If I told you I wanted $1 for something but you knew there was no way I was going to let you have it for less than $1.50, you might start to wonder why I had only asked for $1 in the first place.
Now imagine that situation playing out multiple times a day, for hundreds of potential buyers, on nearly every kind of low-rise real estate in the GTA.
Yes, yes, supply and demand and all that. But this seems more about ego and end result than it does about pent-up demand.
'Sold for 50% over asking' is a pretty good headline, after all. Hell, we've written those stories. At some point, however, it seems misleading or lazy (or both) to put a price on a property that has almost a 0% chance of selling for that amount.

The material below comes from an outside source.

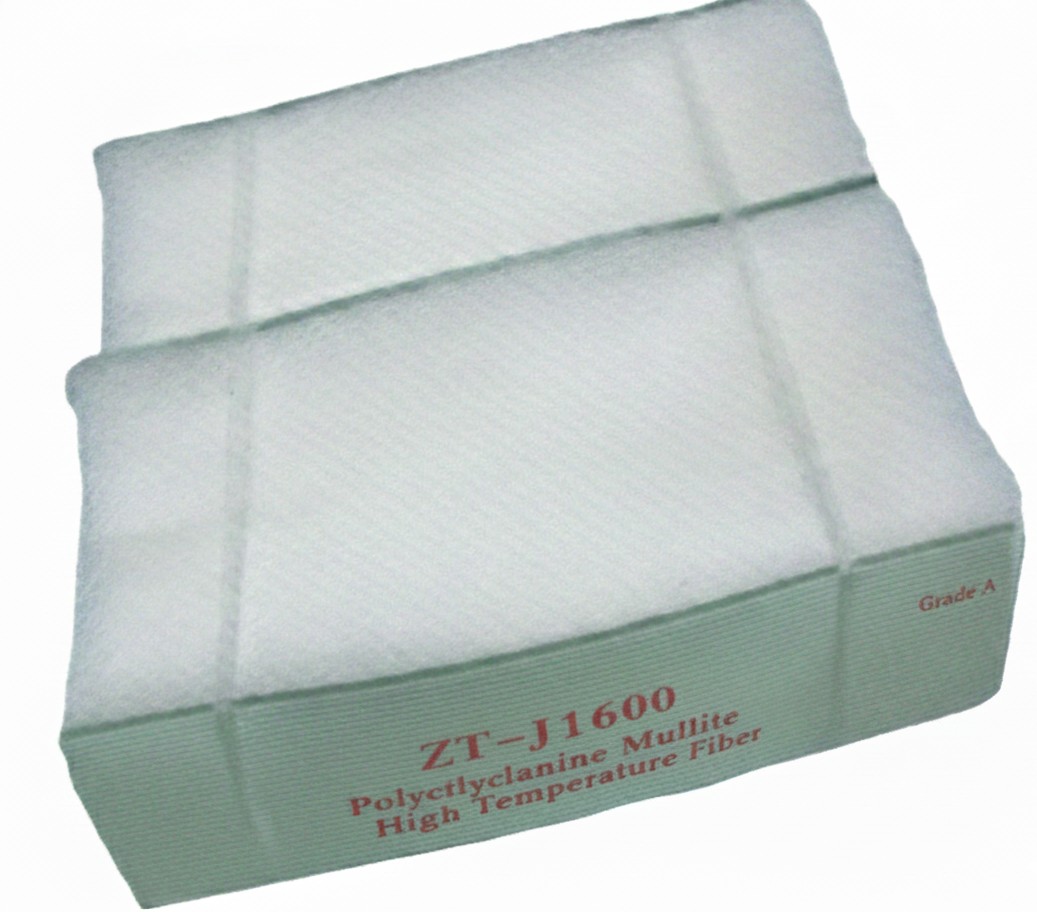 Ceramic Fiber Faced Block，polyctlyclanine mullite high tempertaure fiber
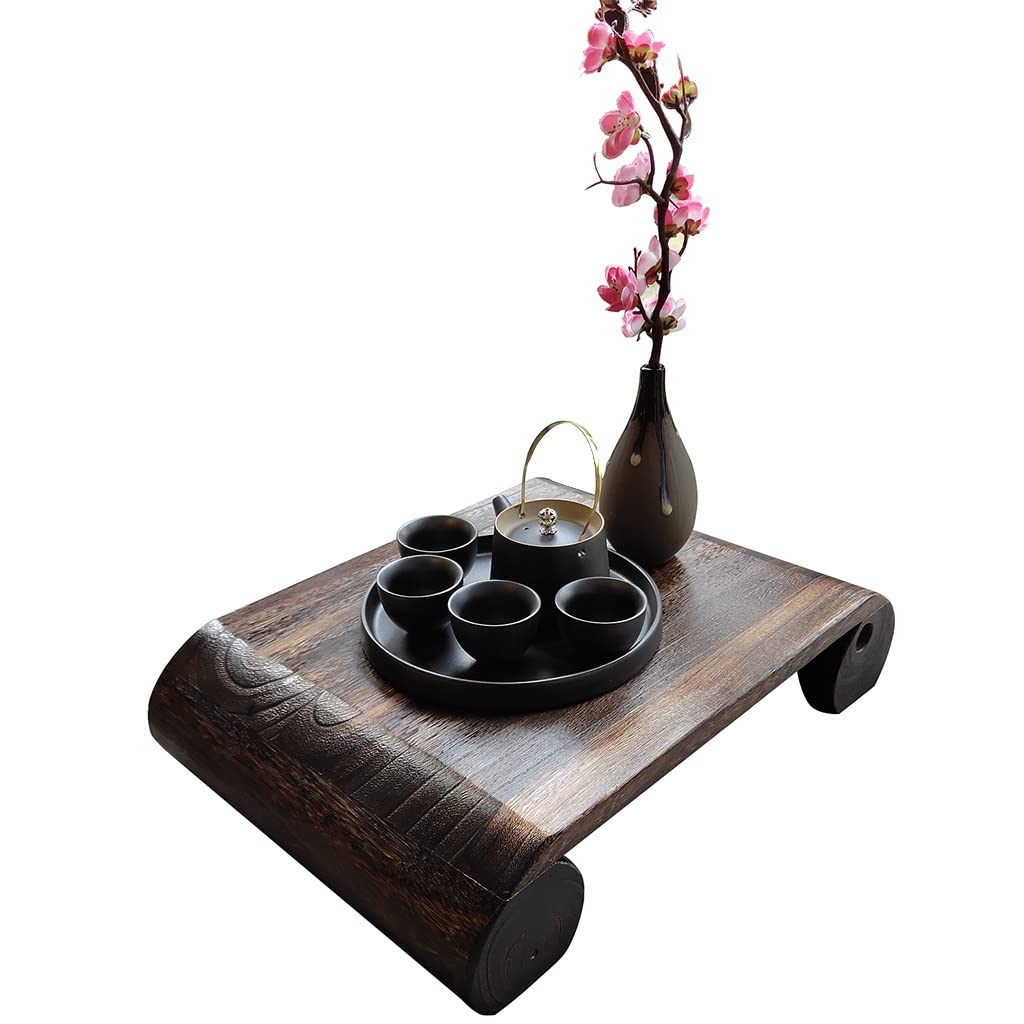 Table tatami japonaise pour s'installer confortablement au salon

As Toronto realtor and chartered accountant Scott Ingram noted on the weekend, nearly 100% of all properties listed within the very tight price range of $879,000 and $899,999 over the past two weeks ended up selling for over asking -- with the average going for 20% over.
Which leads to the question, in a crowded and ultra-competitive market, why are so many realtors wasting their clients time?
The short answer to that question could be that even realtors are at a loss right now.
Speaking with Richard Silver of Sotheby's International Realty Canada last week about one of his listings on Sackville Street in Toronto's Cabbagetown neighbourhood, I asked the experienced realtor what he thought the property -- listed at $1,999,000 -- would sell for.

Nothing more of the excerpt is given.